Cornhusker Economics February 17, 2016Saving Roundup Ready® Soybean SeedDevelopment of glyphosate-resistant transgenes started in the early 1980s and was commercially introduced in soybean varieties in 1996 as Roundup Ready® (hereafter referred to as RR1) (SourceWatch, 2012). Producers perceived that the more effective, easier, and less expensive weed control associated with these varieties outweighed the economic loss from lower yields (Gurian-Sherman, 2009). In 2008, the Roundup Ready 2 Yield varieties were commercialized as Genuity® Roundup Ready 2 Yield® (hereafter referred to as RR2Y) in 2010 (SourceWatch, 2012). RR2Y soybean varieties have been rapidly replacing the RR1 varieties in the marketplace.

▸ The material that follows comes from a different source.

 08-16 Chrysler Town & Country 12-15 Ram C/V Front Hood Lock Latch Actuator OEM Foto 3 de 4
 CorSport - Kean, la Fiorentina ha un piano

The U.S. government grants a patent for new inventions for 20 years after application to provide incentives for rapid development and marketing of improved technologies (Orf, 2013). The original RR1 patent expired in 2014 and the third-party patent expired in 2015, thus, the RR1 transgene is available for general public use. However, many commercially released soybean varieties are protected by Plant Variety Protection (PVP), thereby limiting the potential for using RR1 transgene by producers. Seed under PVP has a “saved seed” exception that allows farmers to save enough seed to plant the next crop, but not to sell to other farmers to plant (Goeringer, 2015). Many commercial varieties are protected by a patent rather than by PVP, essentially a private company soybean breeder can chose to protect varieties either by the federal patent law or the PVP (McEowen, 2011). Farmers can request a license to save seed from a RR1 soybean variety, and if granted, then would be able to save seed to plant in fields owned or operated by that farmer or for sale to other farmers.

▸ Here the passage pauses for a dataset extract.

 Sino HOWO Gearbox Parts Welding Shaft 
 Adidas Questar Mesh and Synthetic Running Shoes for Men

Farmers presently have the opportunity to save seed from RR1 varieties from year-to-year for planting purposes with the potential to reduce seed costs and improve net income compared to the purchase of commercial seed of RR2Y varieties. This raises the question if this historical farmer practice of saving seed should be seriously reconsidered today (Mascarenhas and Busch, 2006). The issue has multiple dimensions that have to be considered including the quality and cost of saved (bin-run) seed versus commercial seed, the yield potential of RR1 and RR2Y varieties, and the meeting of legal restrictions. Given present farmer soybean seeding rates and the broad plateau for soybean plant populations producing similar yields, it is not likely that reduction in plant population due to farmer-saved-seed would account for lower soybean yield.
Materials and Methods
Research was conducted in 2012, 2013 and 2014 at the University of Nebraska Agricultural Research Development Center near Mead, NE. Unreplicated bulk plots of 29.5 feet by 220 feet were grown to produce RR1 seed to save in 2012, 2013, and 2014 for production in small-plot studies in the succeeding year. An experiment with a randomized complete block design and four replications was conducted in 14.8 feet by 49.2 feet plots with seed from three RR1 varieties and three RR2Y varieties with different maturity classifications ranging from 2.7 to 3.2. Commercial RR1 seed was used in 2012, while saved seed from unreplicated plots was used in 2013 and 2014.
Production costs were calculated for both RR1 and RR2Y production systems for each year of the three-year experiment. Seed costs were determined by contacting local agribusinesses selling soybean seed. Seed costs of RR2Y seed were estimated to be $49.50 per unit of 140,000 seeds in 2012, 2013, and 2014. Saved RR1 seed cost in 2013 and 2014 included the grain price at harvest plus the costs of conditioning seed for planting. Herbicide, fuel, labor, and machinery costs were determined using University of Nebraska-Lincoln crop budgets (Klein et al., 2014; Klein et al., 2013, Klein et al., 2012). Nebraska Crop Budgets identify prices specific to the crop year by surveying the industry. Machinery operation costs included labor, fuel, repairs, opportunity and depreciation costs. Land rental cost used was an average cash rent value for Eastern Nebraska (Jansen and Wilson, 2014; Johnson et al., 2013; Johnson and Van Newkirk, 2012).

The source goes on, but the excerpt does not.